RICHFORD, Vermont — On Sunday evening, Colette Aubin-Roy noticed two new notes had appeared on the painted drywall panel beside the original cork board. She found a pushpin, wrote out a small header card in both languages — Suite / Continued — and pinned it to the wall near the periodicals shelf.

That was, she said Monday morning, about the size of it.

"It wasn't really a decision so much as it was obvious," Aubin-Roy said, standing near the board before the library opened for the week. "There was more wall. The notes needed somewhere to go."
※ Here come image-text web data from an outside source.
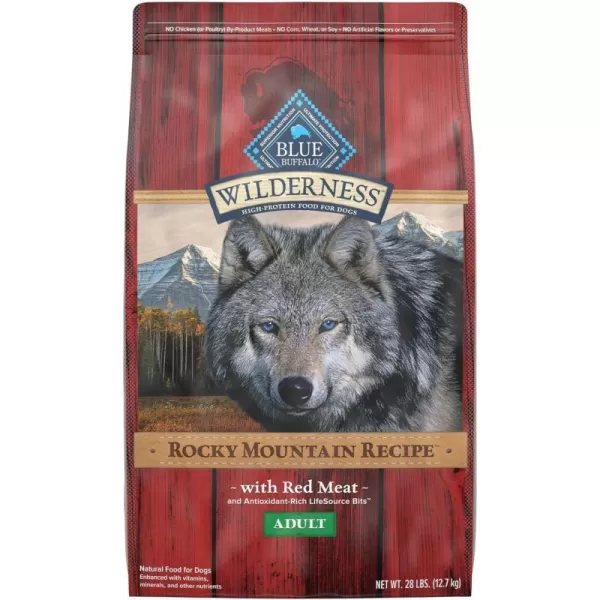 imageBlue Buffalo Wilderness Rocky Mountain Recipe High Protein Natural Adult Dry Dog Food Red Meat with Grain 24 lb bagRed Meat with Grain 2800 Pound Pack of 1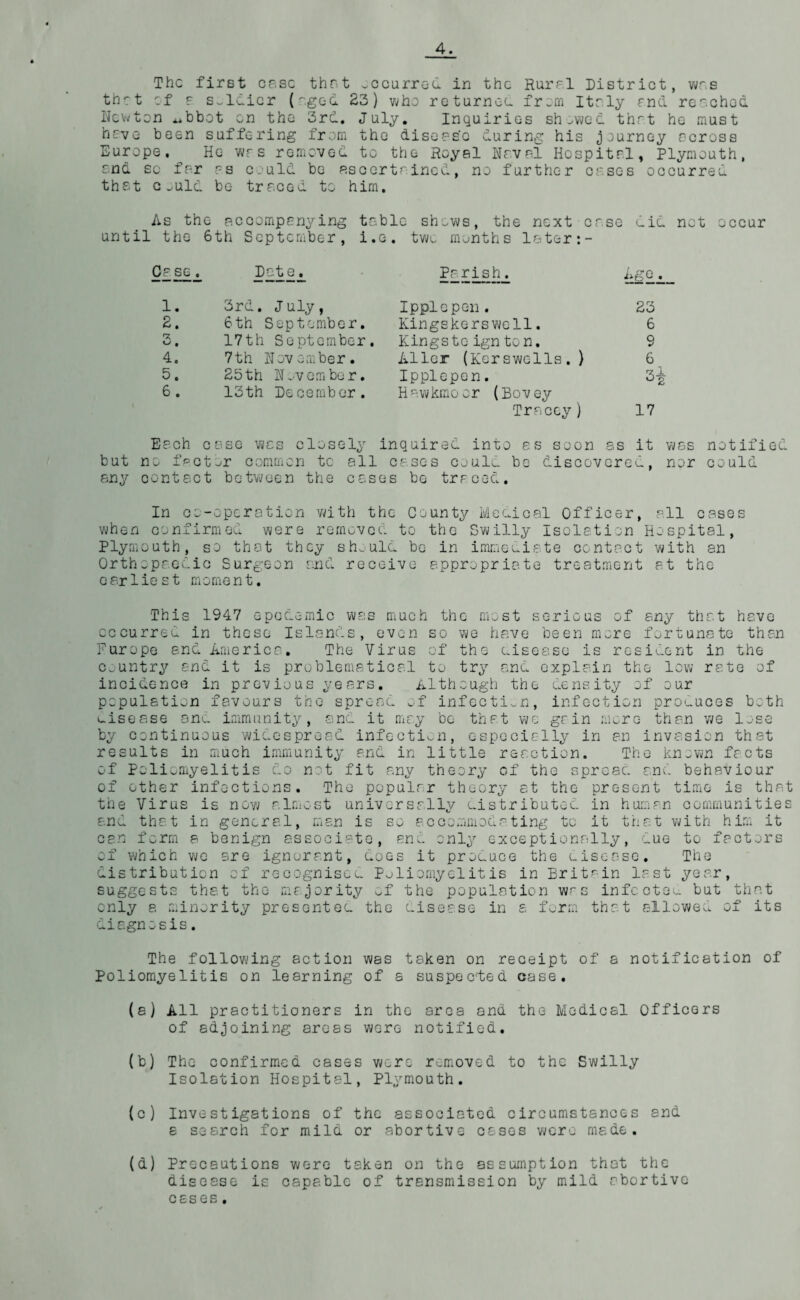 4. The first ease that occurred in the Rural District, wrs that of r soldier (god 23) who returnee, from Italy mu reached Newton ^bbot cn the 3rd. July. Inquiries shewed that he must have been suffering from the disease during his journey across Europe.^ He wrs removed to the Royal Naval Hospital, Plymouth, and so fcar as could be ascertained, no further cases occurred that could be traced to him. As the accompanying table shows, the next case uid not occur until the 6th September, i.e. two months la ter:- Case. Date. Parish. Age. 1. 3rd. J uly, Ipplepen. 2. 6th September. Kingskerswell. •X • 17th September. Kingste ign ton. 4. 7th November. Allcr (Kerswells.) 5. 25 th November. Ipplepen. 6 . 13th December. Hawkmoor (Bov ey Tracey) 23 6 9 6 rz JL 17 Each case was closely inquired into as soon as it was notified but no factor common to all cases could be discoverer, nor could any contact between the cases be traced. In co-operation with the County Medical Officer, all cases when confirmed were removed to the Swilly Isolation Hospital, Plymouth, so that they should be in immediate contact with an Orthopaedic Surgeon and receive appropriate treatment at the earliest moment. This 1947 epodemic was much the most serious of any that have occurred in these Islands, even so we have been more fortunate than Europe and America. The Virus of the disease is resident in the country and it is problematical to try and explain the low rate of incidence in previous years. Although the density of our population favours the spread of infection, infection produces both disease and immunity, and it may be that we gain more than we lose by continuous widespread infection, especially in an invasion that results in much immunity end in little reaction. The known facts of Poliomyelitis do not fit any theory of the sproac. and behaviour of other infections. The popular theory at the present time is that the Virus is now almost universally distributed in human communities and that in general, man is so accommodating to it that with him it can form a benign associate, and only exceptionally, due to factors of which we are ignorant, does it produce the oisonse. The distribution of recognised Poliomyelitis in Britain last year, suggests that the majority ^f the population rs infccteu but that only a minority presentee, the disease in a form that allowed of its diagnosis. The following action was taken on receipt of a notification of Poliomyelitis on learning of a suspected case. (a) All practitioners in the area and the Medical Officers of adjoining areas were notified. (b) The confirmed cases were removed to the Swilly Isolation Hospital, Plymouth. (c) Investigations of the associated circumstances and a search fer mild or abortive cases were made. (d) Precautions were taken on the assumption that the disease is capable of transmission by mild abortive cases.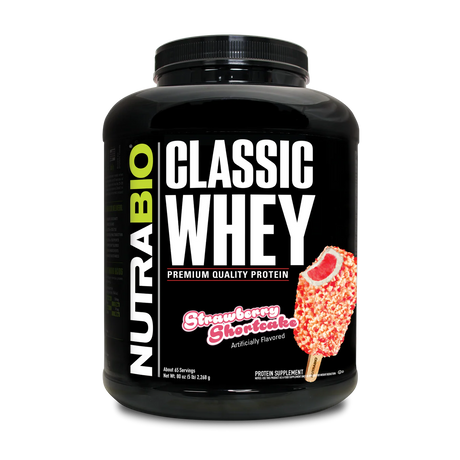 5 pound container of NutraBio Classic Whey protein powder supplement with Strawberry Shortcake flavor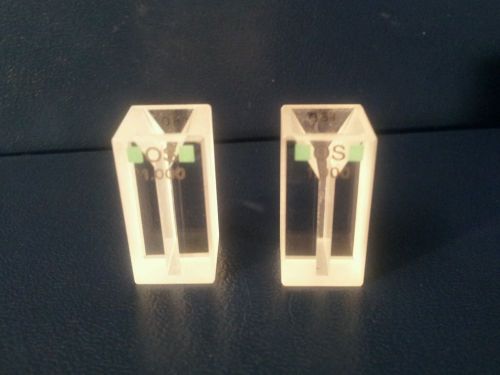Two Cuvette Green OS 180 Micro Cells Fisherbrand Hellma 14-385-927A Near UV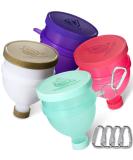 Hydra Cup [4 PACK] - Protein Powder Funnel with Supplement Storage & Dispenser (Purple/Pink/White/Gold/Green) - Buy Online on GoSupps.com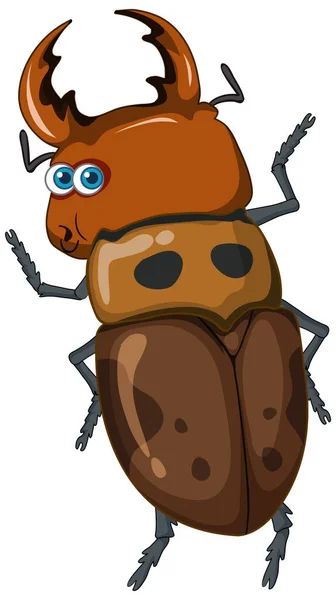 Personaje Dibujos Animados Escarabajo Ilustración Aislada — Archivo Imágenes Vectoriales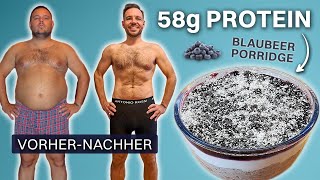 Einfaches gesundes Frühstücks Rezept Leckeres High Protein Blaubeer Porridge Perfekt zum Abnehmen [upl. by Sibylle]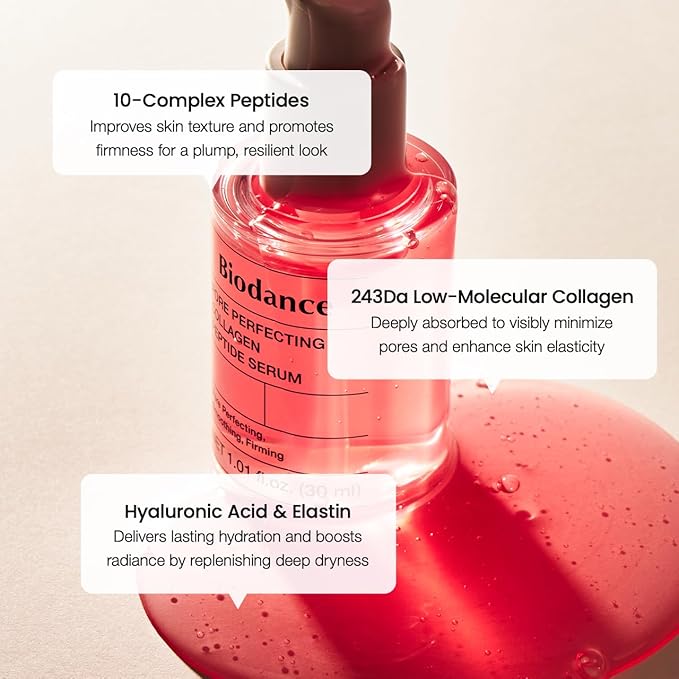 BIODANCE Pore Perfecting Collagen Peptide Serum, Skin Firming & Radiance Boost, Plumping, Pore Care, Makeup Prep Serum for All Skin Types, Korean Skincare, Stocking Stuffers | 1.01 fl.oz x 1 ea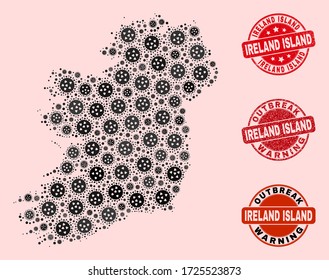 Outbreak composition of virus mosaic Ireland Island map and grunge stamps. Vector red imprints with grunge rubber texture and Outbreak Warning caption.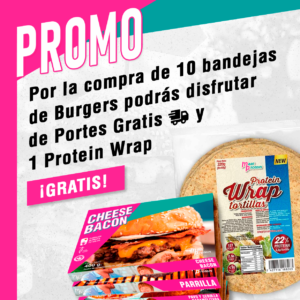Promocion 10 Bandejas De Hamburguesas Meatprotein y un Protein Wrap ¡GRATIS!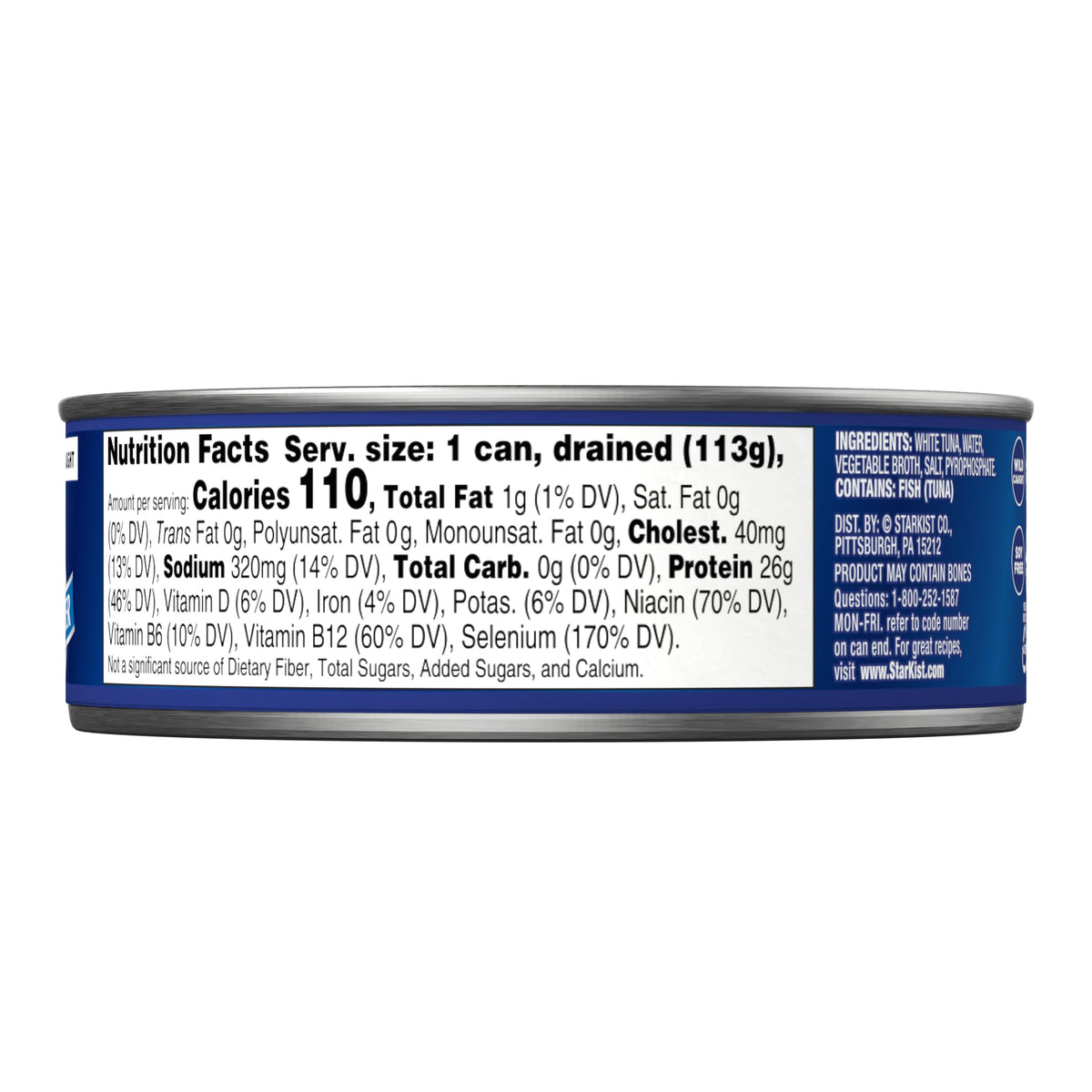 StarKist Solid White Albacore Tuna in Water, 5 oz – 24 Pack | 26g Protein, 110 Calories | Gluten Free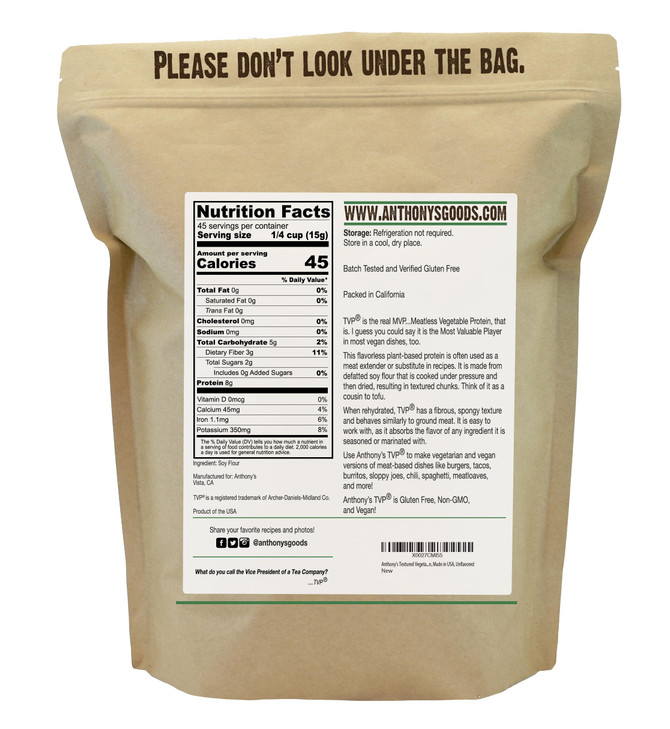 Anthony's Textured Vegetable Protein, TVP, 1.5 lb, Gluten Free, Vegan, Made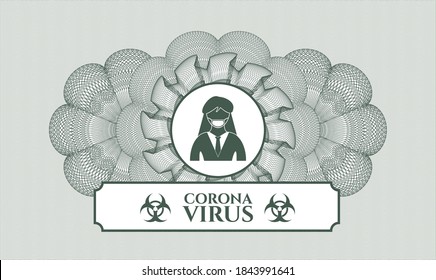 Green abstract linear rosette. Vector Illustration. Detailed with woman wearing face mask icon and Coronavirus text inside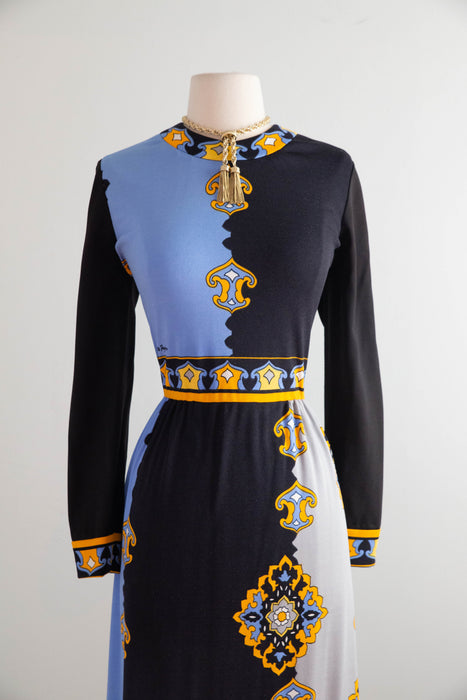 Chic 1970's Paganne By Gene Berk Border Print Jersey Dress / ML
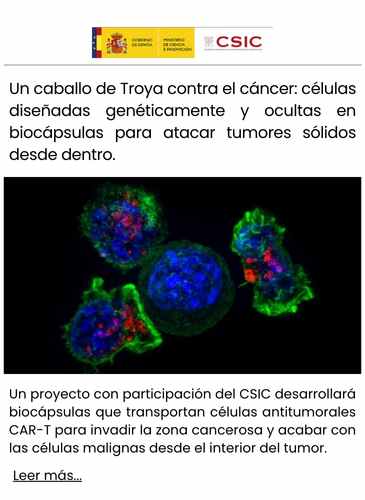 Un caballo de Troya contra el cáncer células diseñadas genéticamente y ocultas en biocápsulas para atacar tumores sólidos desde dentro.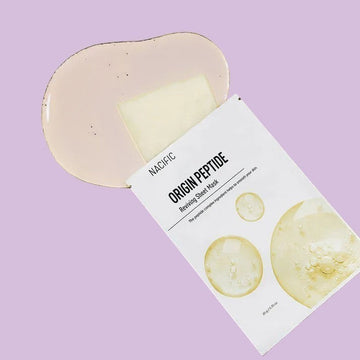 Assemble K - Play .Try .Glow NACIFIC Origin Peptide Reviving Sheet Mask with peptide complex for firming and smoothing skin.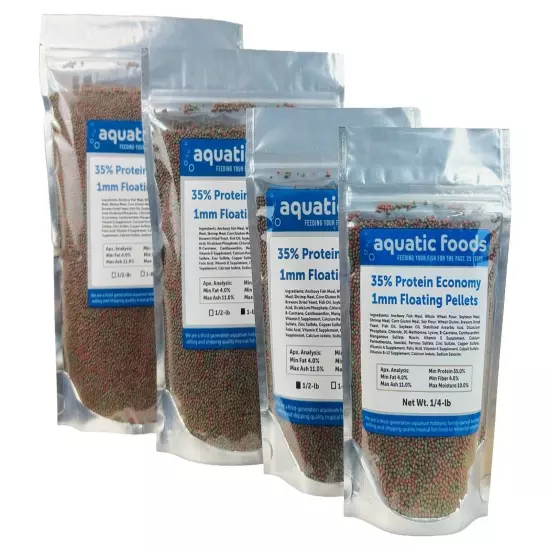 1mm - 1/32" 35% Protein Economy Floating Pellets for Tropicals & More. WL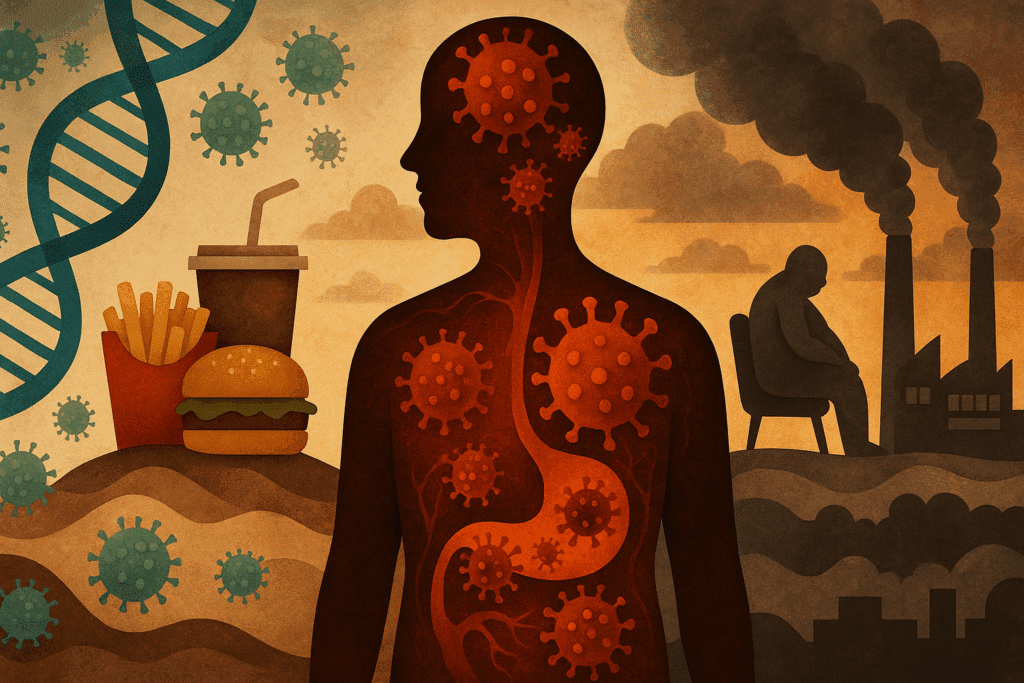 Conceptual landscape showing lifestyle and genetic factors like DNA, viruses, junk food, and pollution linked to Can You Have Type 1 and Type 2 Diabetes at the Same Time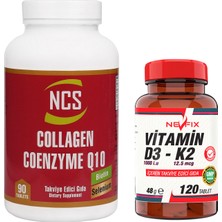 Nevfix Coenzyme Q10 200 Mg Selenium Çinko Biotin Ncs Hidrolize Collagen 2000 Mg & Nevfix Vitamin D3-K2 120 Tablet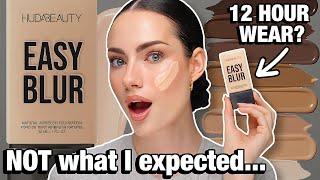 I TRIED HUDA BEAUTY'S VIRAL EASY BLUR FOUNDATION...HONEST REVIEW + 12 HOUR WEAR TEST!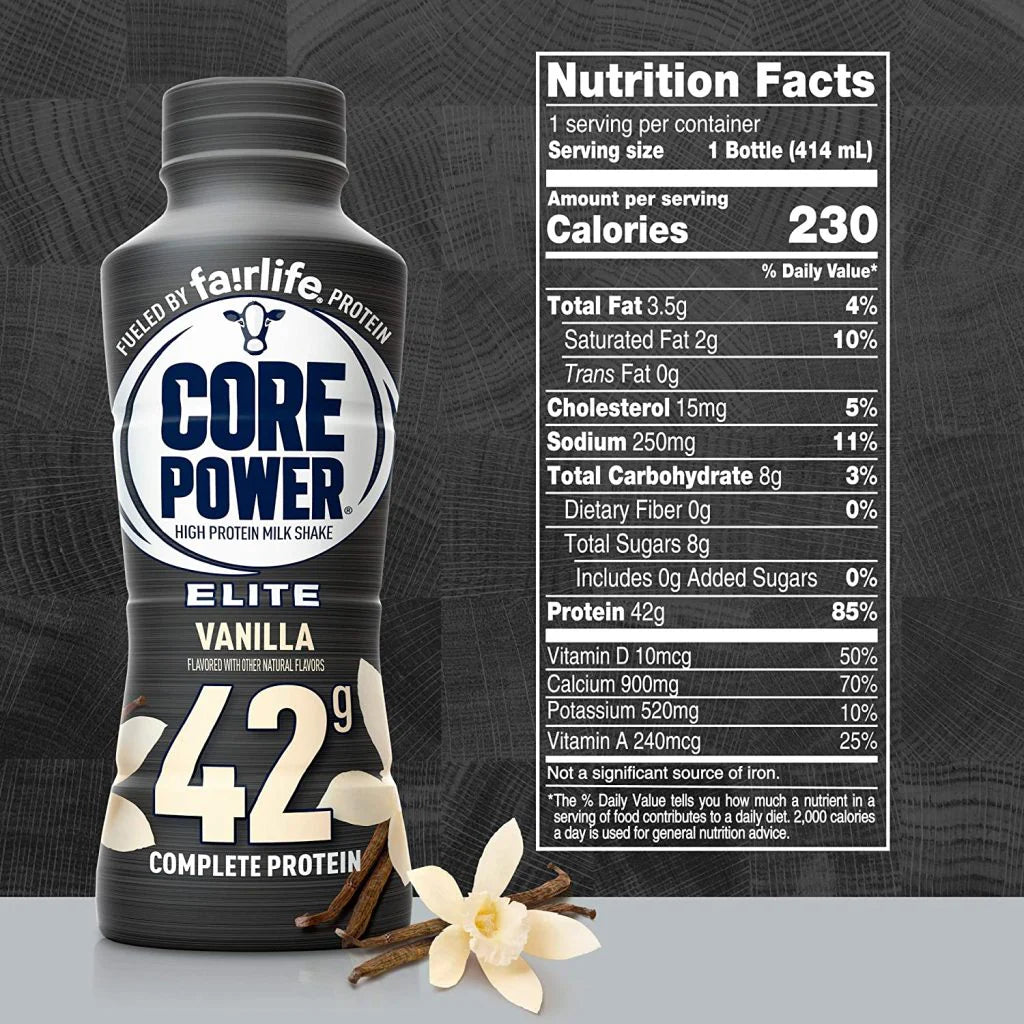 Fairlife Core Power Elite Vanilla 42g protein shake bottle with nutrition facts and vanilla bean.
The Richford Public Library's community board has been accumulating in layers over recent weeks, beginning on the original cork panel before spilling onto an adjacent section of drywall as responses — many of them bilingual, woven into a loose call-and-response across English and French — continued to arrive. As of Monday, three surfaces run along the better part of the library's north wall: the original cork panel, the painted drywall overflow, and the new periodicals-adjacent section Aubin-Roy marked Sunday. The archive is handwritten throughout and none of it formally labeled, except for her small penciled card at the edge of the newest section.

Aubin-Roy described her thinking as practical rather than curatorial. She was not, she said, trying to make anything of it.

"I just didn't want someone to see the overflow section getting crowded and think it was done," she said. "It didn't feel done."

Asked whether she had informed library administration or the principality's cultural services office, she paused. "Not yet," she said. "I'm not sure I need to. I haven't decided."